→ **Exercise directions**
The response should contain all of the records, copied exactly, and none of the images.

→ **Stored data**
------------------------------------------------------------

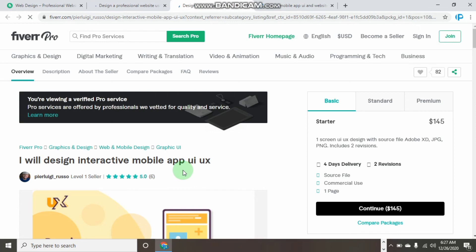In my next video, I will show you much more about Fiverr.com, how you can become more successful, and how you can become a Fiverr professional. Thank you for watching. See you in my next video.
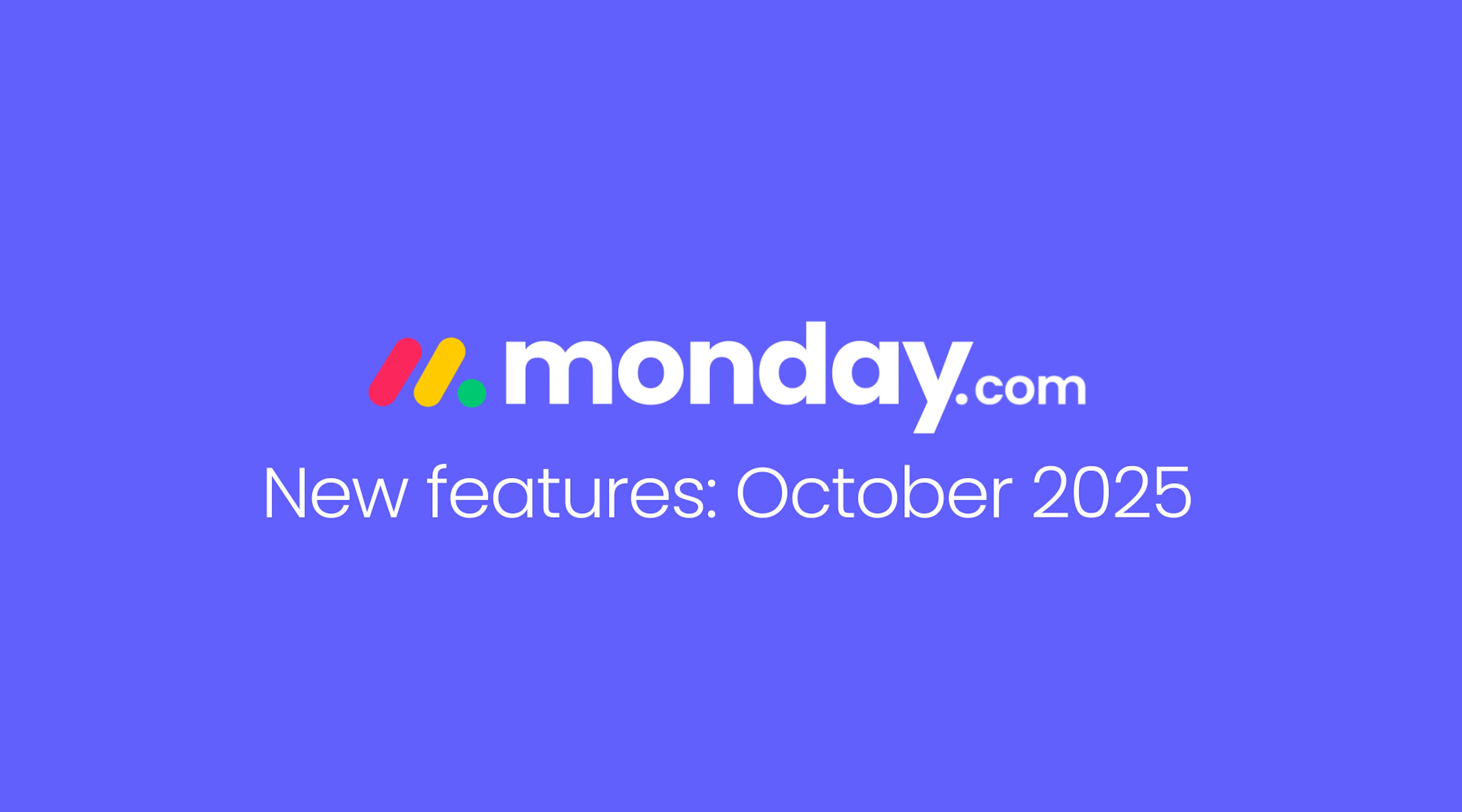Hey, it's Hannah, here to share some of what's new on monday.com for October 2025. Let's jump in.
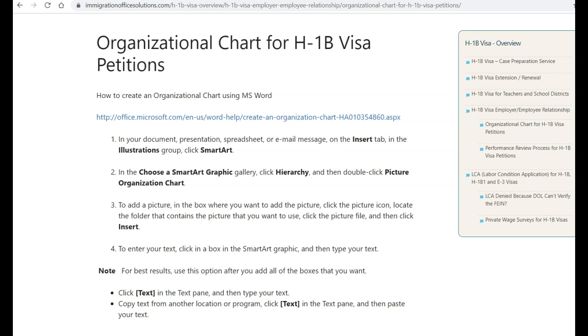My name is John Doerr, and I'm the case manager at Immigration Office Solutions. Our team prepares immigration petitions for law firms and HR departments nationwide.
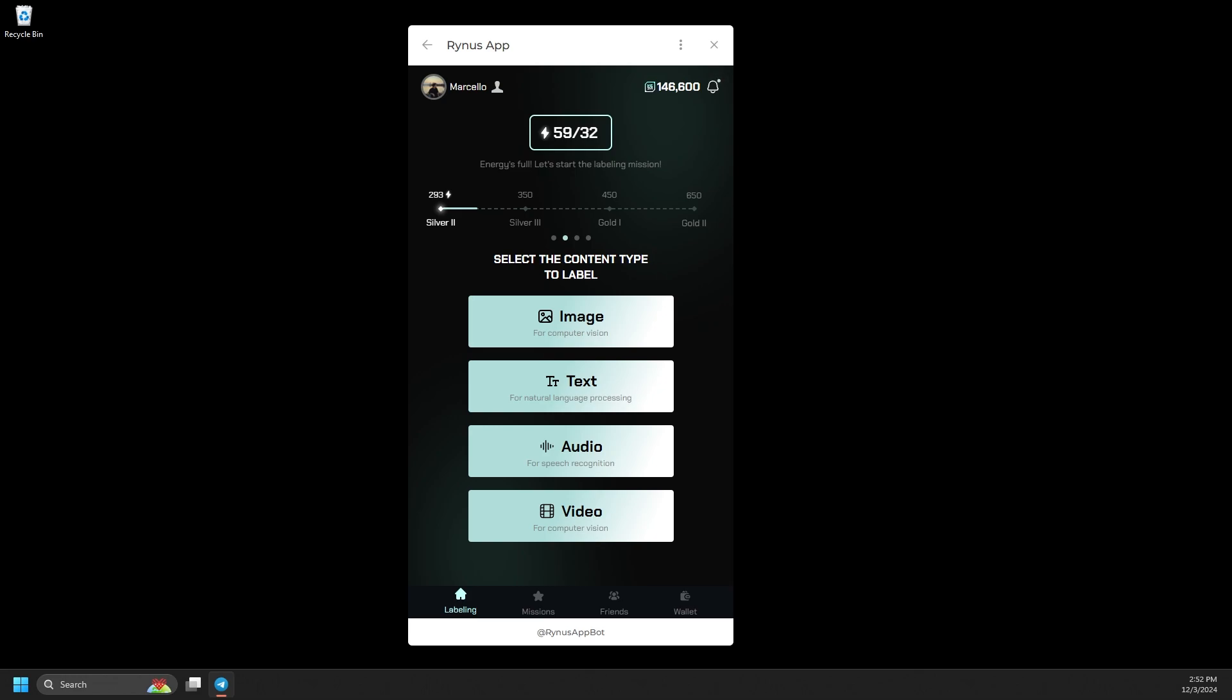We currently offer four types of tasks for labeling – image, text, audio, and video.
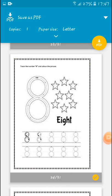The next question is: trace the number 8 and color the picture. So how many objects are there? Let's count with me: 1, 2, 3, 4, 5, 6, 7, 8. There are 8 objects. Let's read the number 8 — E, I, G, H, T.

------------------------------------------------------------

→ **Answer for the task**
In my next video, I will show you much more about Fiverr.com, how you can become more successful, and how you can become a Fiverr professional. Thank you for watching. See you in my next video.
Hey, it's Hannah, here to share some of what's new on monday.com for October 2025. Let's jump in.
My name is John Doerr, and I'm the case manager at Immigration Office Solutions. Our team prepares immigration petitions for law firms and HR departments nationwide.
We currently offer four types of tasks for labeling – image, text, audio, and video.
The next question is: trace the number 8 and color the picture. So how many objects are there? Let's count with me: 1, 2, 3, 4, 5, 6, 7, 8. There are 8 objects. Let's read the number 8 — E, I, G, H, T.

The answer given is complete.